» Task directions
Only one stretch of the material below is wanted: everything from the line containing "INS trend color" down to the line containing "Black Knit and", both ends included. Repeat it exactly and skip the pictures.

» Input data
"""

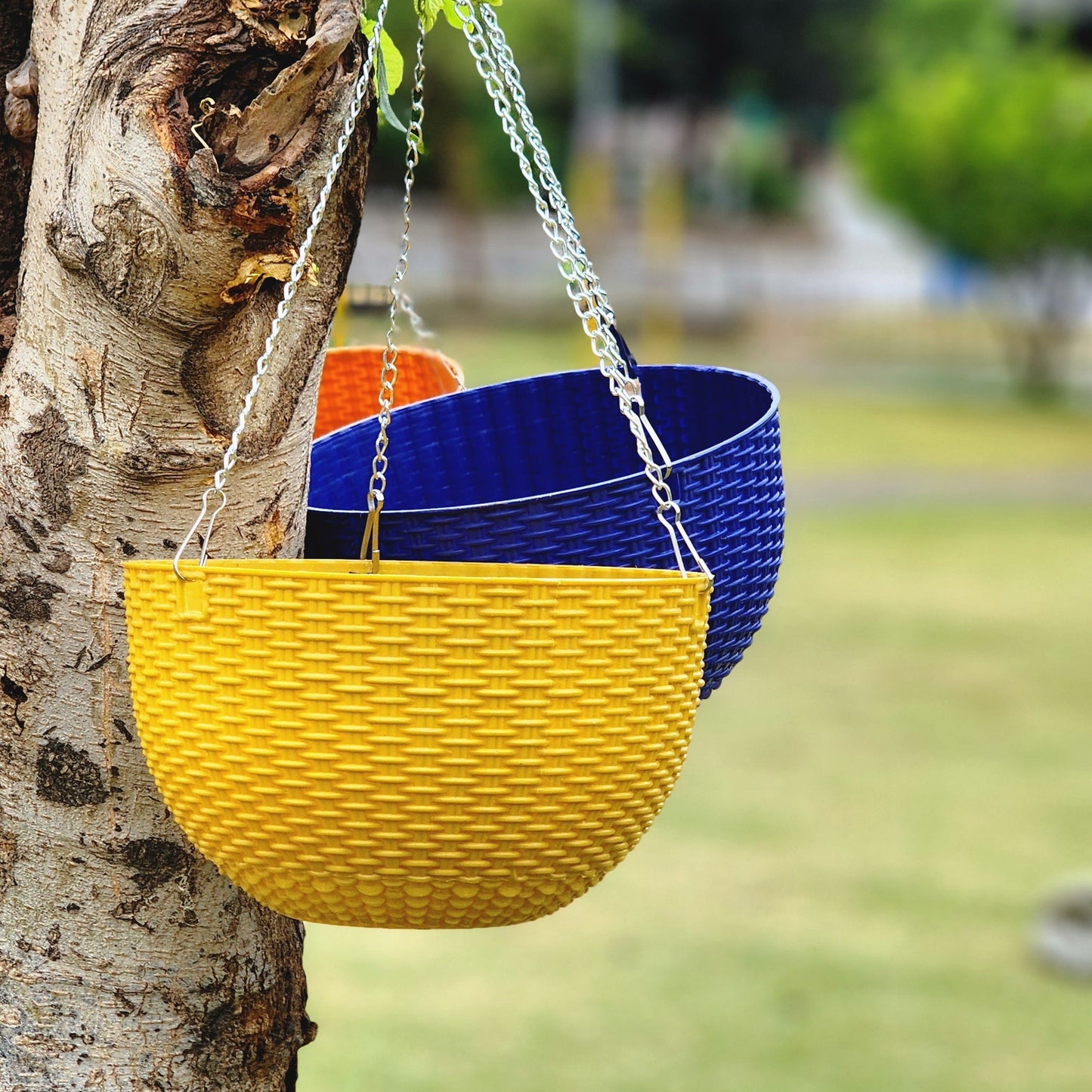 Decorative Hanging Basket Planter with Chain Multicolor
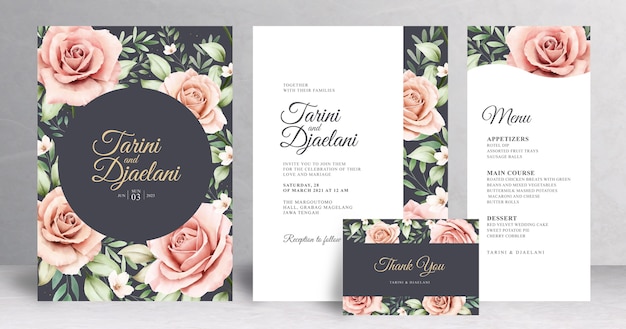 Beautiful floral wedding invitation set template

"""
"""

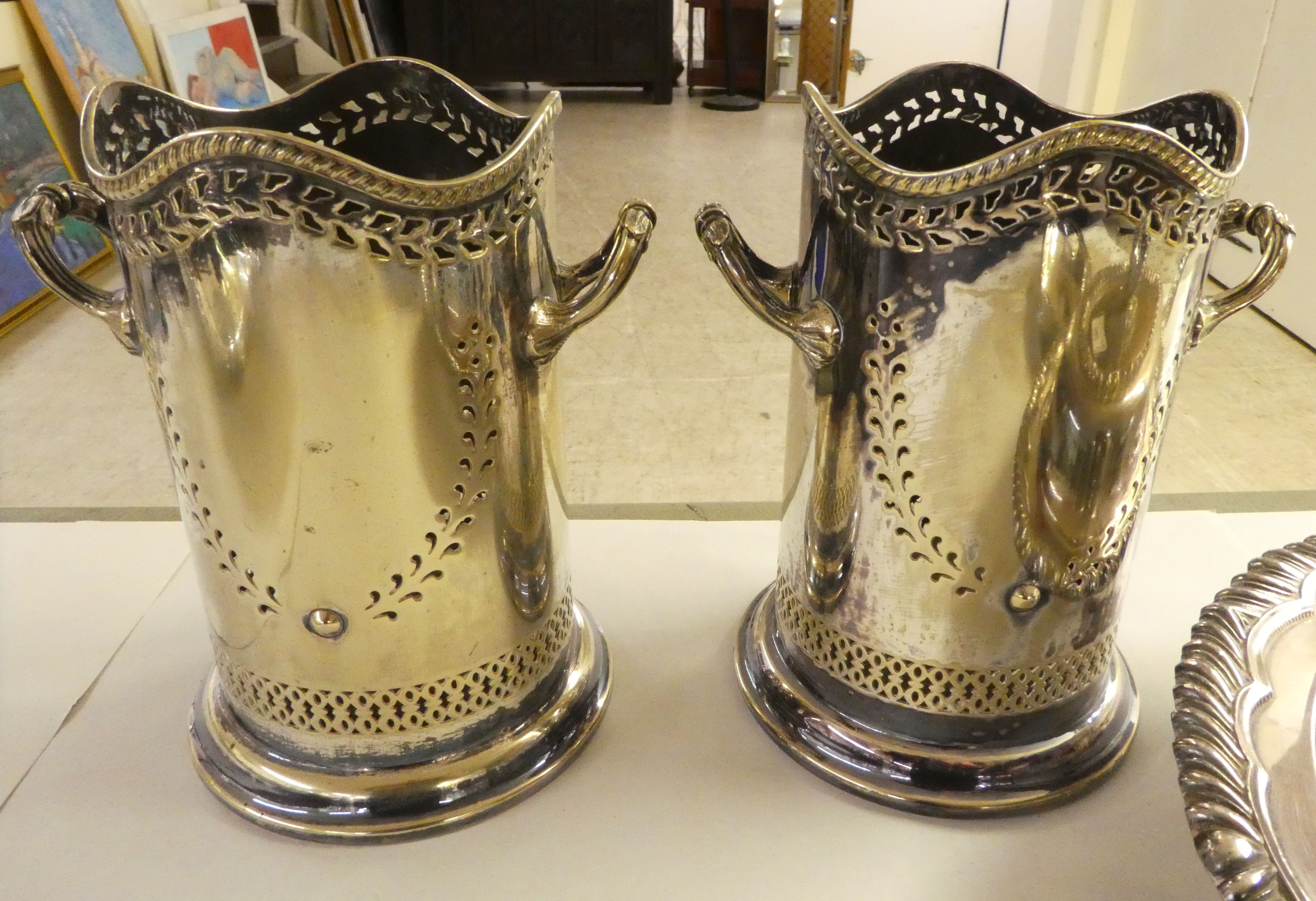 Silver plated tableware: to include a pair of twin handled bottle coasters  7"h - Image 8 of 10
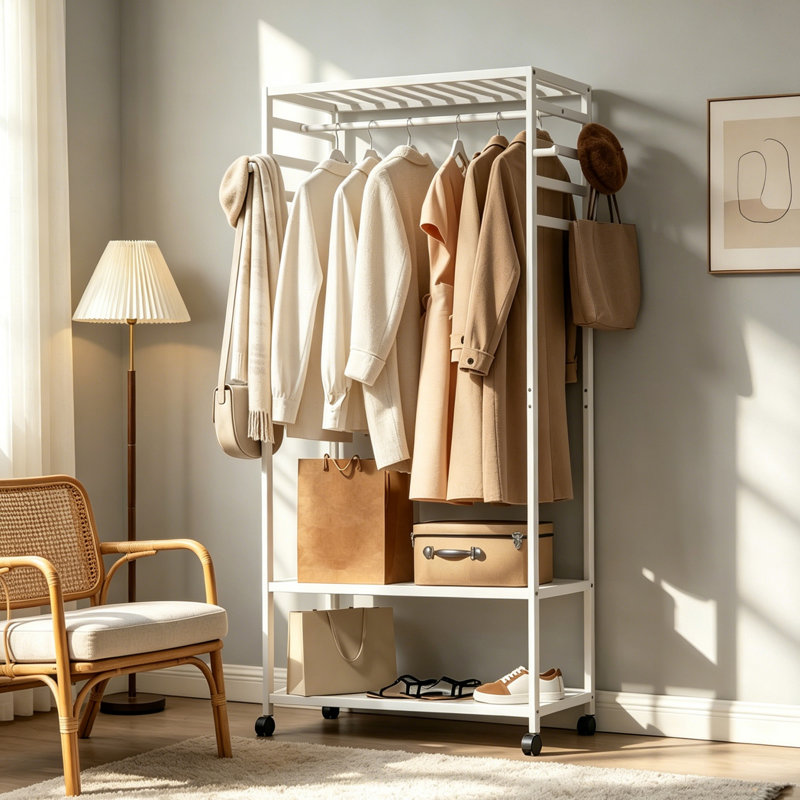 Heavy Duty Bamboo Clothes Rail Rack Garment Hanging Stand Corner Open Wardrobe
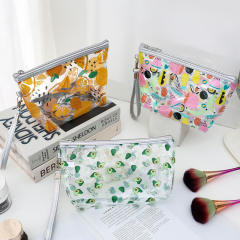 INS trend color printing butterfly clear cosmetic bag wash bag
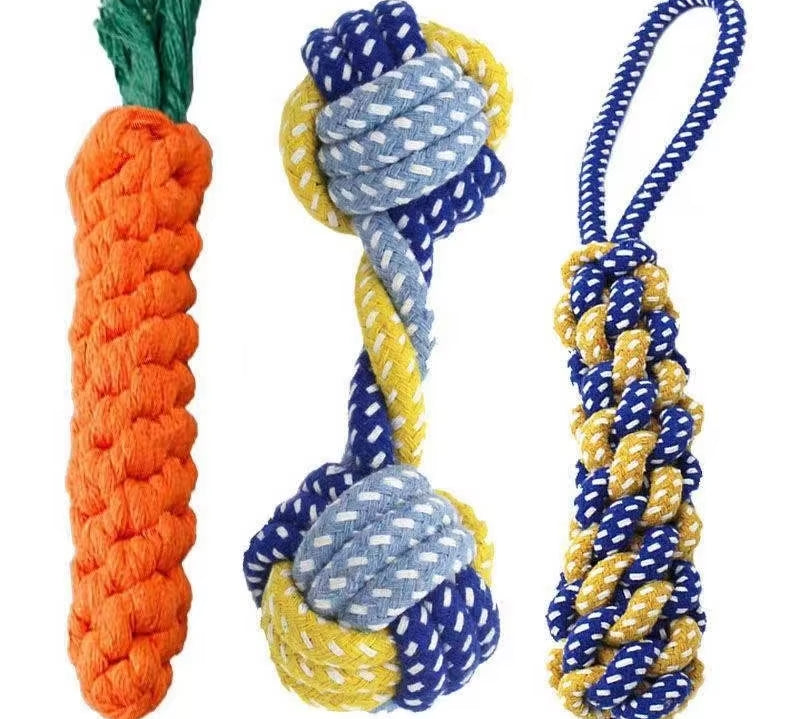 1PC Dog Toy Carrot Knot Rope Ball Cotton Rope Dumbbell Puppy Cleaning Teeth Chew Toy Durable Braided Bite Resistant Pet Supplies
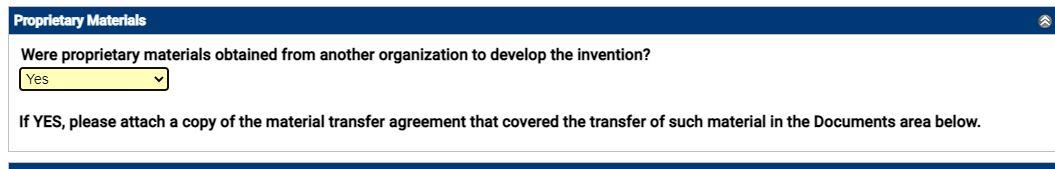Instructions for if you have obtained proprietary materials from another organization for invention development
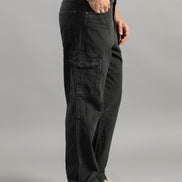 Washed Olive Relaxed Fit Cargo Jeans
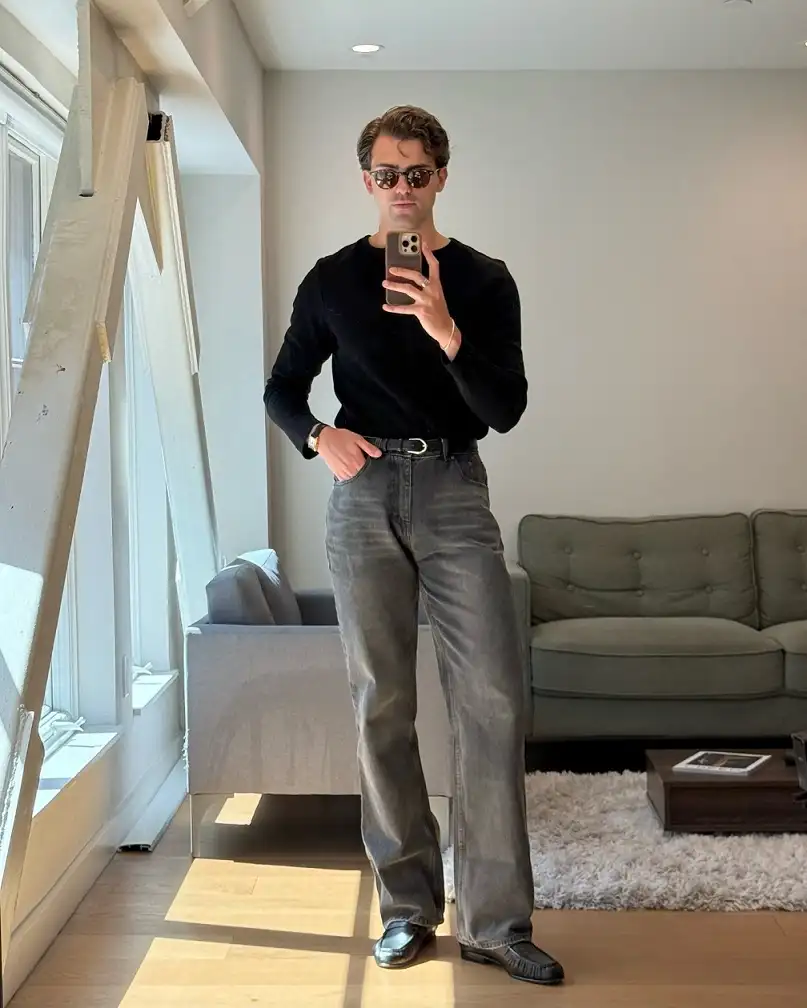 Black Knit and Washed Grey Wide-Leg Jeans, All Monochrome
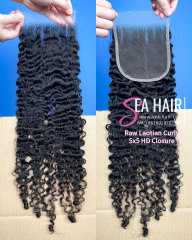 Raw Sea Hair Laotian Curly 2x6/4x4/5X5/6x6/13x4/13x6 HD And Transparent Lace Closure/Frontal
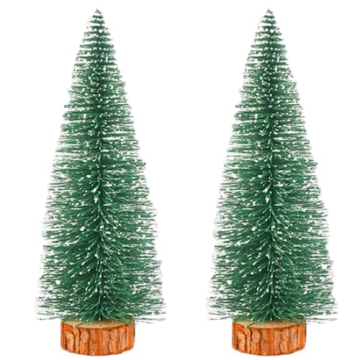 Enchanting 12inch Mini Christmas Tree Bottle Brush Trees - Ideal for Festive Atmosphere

"""

» Exercise solution
 INS trend color printing butterfly clear cosmetic bag wash bag
 1PC Dog Toy Carrot Knot Rope Ball Cotton Rope Dumbbell Puppy Cleaning Teeth Chew Toy Durable Braided Bite Resistant Pet Supplies
Instructions for if you have obtained proprietary materials from another organization for invention development
 Washed Olive Relaxed Fit Cargo Jeans
 Black Knit and Washed Grey Wide-Leg Jeans, All Monochrome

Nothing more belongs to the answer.